The Legislature is considering halving the amount of funding available for public broadcasting.
Rep. Lynn Gattis, a Wasilla Republican who chairs the Department of Administration finance subcommittee, introduced the cuts by saying the group was focused on essential needs.
“In this fiscal climate, the state should focus on mission critical services, reduce its footprint, and take this opportunity to get out of business that it doesn’t need to be in,” said Gattis at a Tuesday afternoon budget closeout. “This has truly been an opportunity to evaluate the wants versus the needs of state government.”
Between operations and infrastructure, public radio and television were granted $5 million in state funds in the last budget. With the proposal offered by the House Finance subcommittee, funding would be reduced to $2.5 million.
Tyson Gallagher, an aide for Gattis, explained that the cuts would be focused on outlets that have other broadcasting options in their service area. That includes commercial radio stations.
”With the advancements in technology and the development of other broadcast sources, there’s less of a need to maintain public service programming at comparable levels to prior years,” said Gallagher at the subcommittee hearing.

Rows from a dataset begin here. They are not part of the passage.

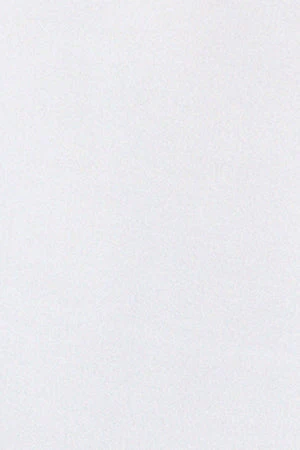 Camisa oxford blanca con logo bordado Rigby Go - Image 8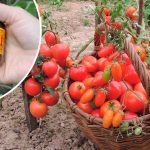 Унікальний рецепт проти фітофтори: змішайте йод із цим засобом – і ваші помідори врятовано!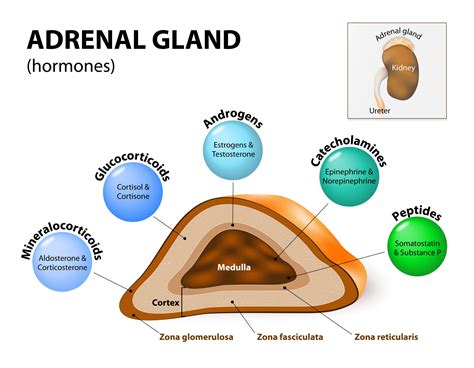 adrenal gland disorders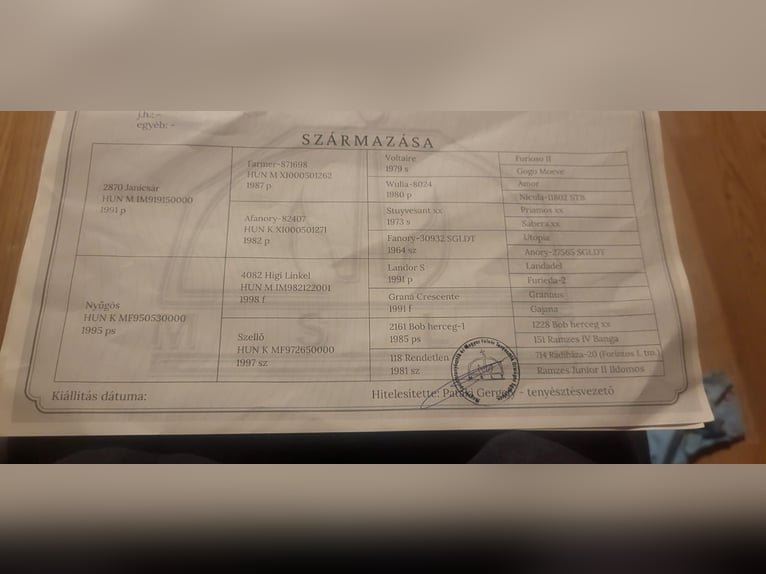 Sportivo Ungherese / Sportivo dell'Ungheria Castrone 5 Anni 171 cm Baio in Orosháza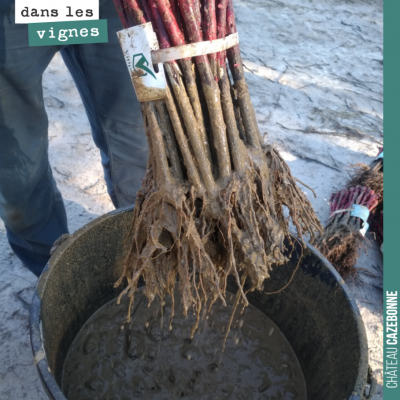 Pralinage des plants lors de la plantation. Très important pour aider la plante dans son développ...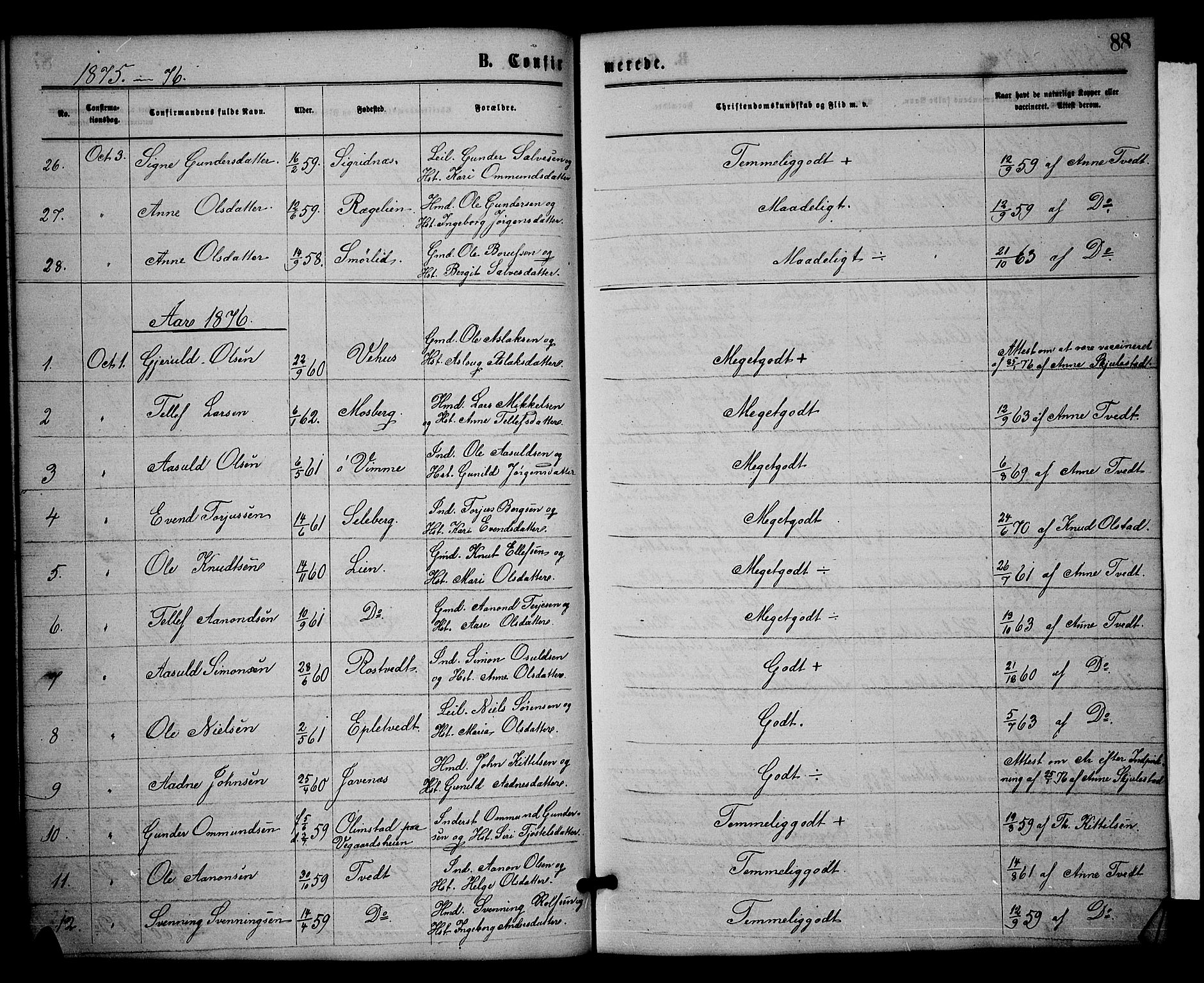 Åmli sokneprestkontor, SAK/1111-0050/F/Fb/Fbc/L0003: Parish register (copy) no. B 3, 1868-1888, p. 88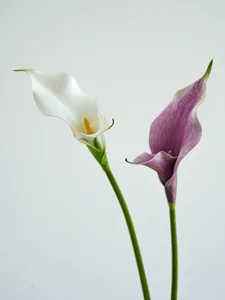 Fleurs décoratives fleur artificielle Double pétale Calla Lily PU violet pour la décoration de la maison longue tige arrangements floraux de mariage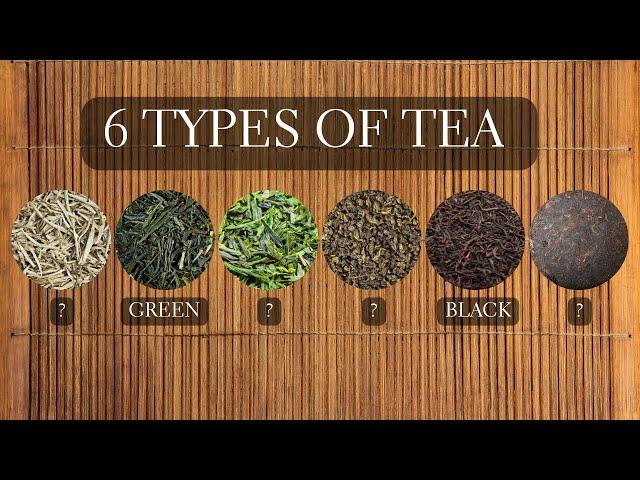 6 Types of Tea - Different Tea Types Explained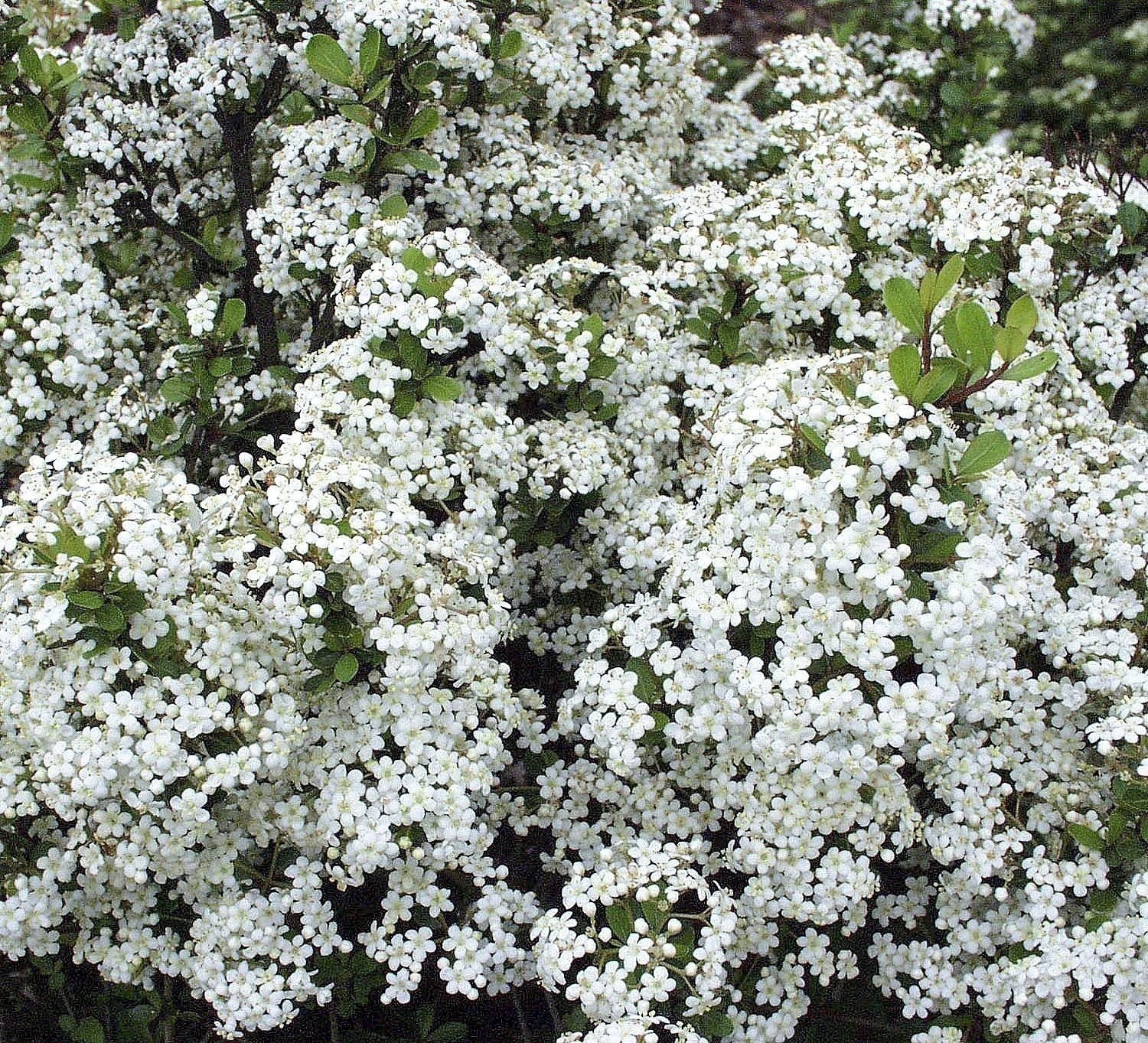 Viburnum Mrs. Schiller’s Delight | 1 Gallon | Viburnum obovatum | Flowering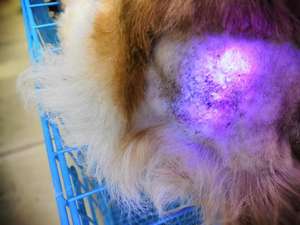 Equipo de Diagnóstico Dermatológico Avanzado para Mascotas en Clínicas Veterinarias - Product Image 4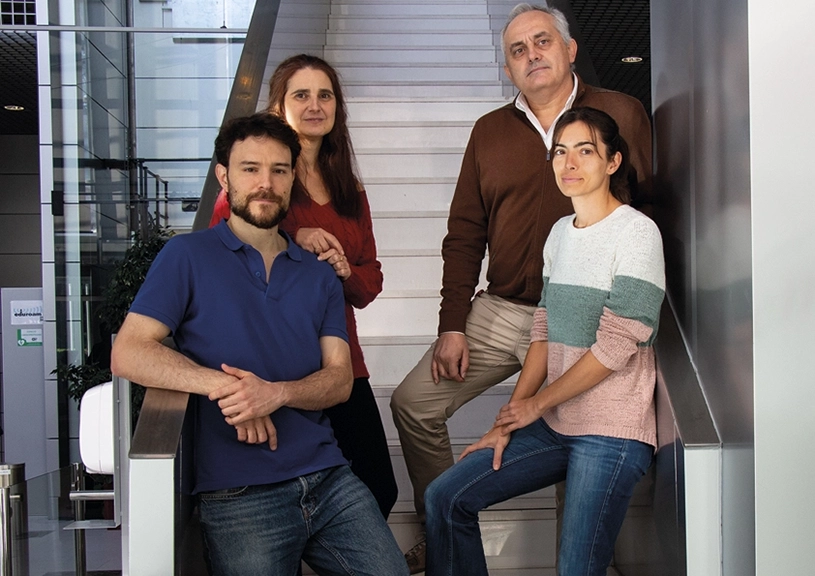 Identifican un proceso esencial en la respuesta mecánica celular que implica “nanopliegues” y “pegamento”
en su superficie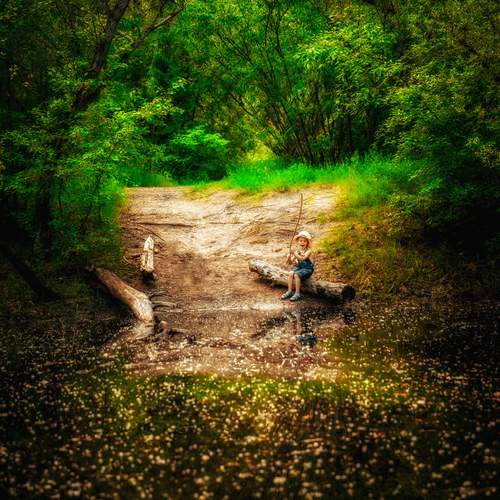 Photo #12414560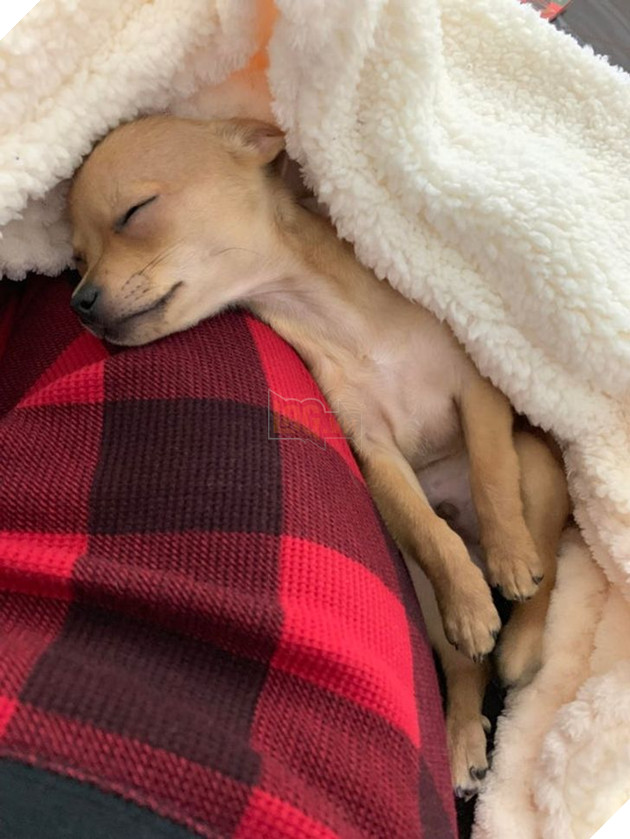 23 hình ảnh các bé Chihuahua có thân hình nhỏ nhưng có tình yêu to lớn với các sen 23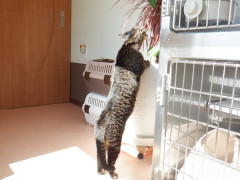 DSCF0907.JPG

Last year, state grants contributed more than half a million dollars to Alaska Public Media’s $6 million budget, which includes the Southcentral station KSKA. KTOO, the Juneau public radio station, now gets 10 percent of its $2 million budget from state grants. KUAC, which is operated by the University of Alaska-Fairbanks, receives nearly $250,000. Because of the station’s position within the university, it was targeted for cuts when the school was experiencing its own shortfall.
The changes will now be sent to the full House Finance Committee for consideration.